仮説が実際にあるとするなら、「働き方」をテーマに私が「パラレルワーク」という手段についてお話するのは、なんとなく不誠実な気がして、これこそがモヤモヤの原因でした。
とはいえ、「副業をすることそのものを目的にすべきではない!」という主張は自分で書いていても、少々きれいごとだなと感じます。「副業がしたい!」という欲求そのものを否定するつもりはありませんし、1つのアクションとして素晴らしいことだと思います。人によっては理由もさまざまで、「金銭的に本業だけでは厳しいから」という方もいらっしゃるでしょう。
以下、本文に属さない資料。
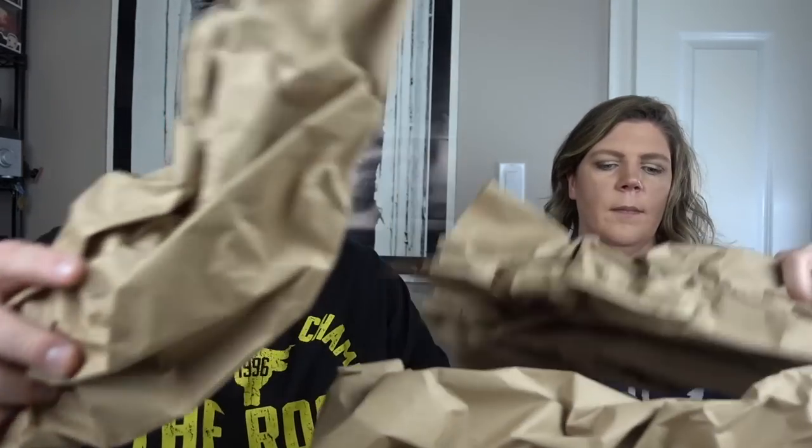That was everything from box number two. Moving on to box number three. Two wasn't bad — nothing really high-priced in it though. Best things were probably that wall trimmer and the Dirt Devil. Nothing huge.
私がこれから伝えたいことは、どちらかというと漠然と「副業やりたいなー」と考えている方向けだと思っています。自分にとってのベストな「働き方」を考えるうえで、1つのヒントになれば幸いです。
わたしのはなし
私が「パラレルワーク」という手段を選択したのは、就活生の時です。2つの理由から、軸の1つとして「副業可」の企業を中心に探していました。
1つ目は、未来の自分へ可能性を残すためです。就活当時「やりたいこと」の明確な答えがでなかった私は、いつか「社内での実現は難易度が高いが、挑戦したいこと」が出てきた際に、すぐ実行できる環境に身を置きたいと考えました。
さまざまなことに興味が湧く自分の性格上、「社内での実現は難易度が高いが、挑戦したいこと」はほぼ確実に出てくるだろうし、出来ない理由を環境のせいにしたくないとも思っていました。結局入社と同時に副業申請をすることになり、その未来はすぐにやってきたので、やっぱり自己分析は大切ですね(笑)。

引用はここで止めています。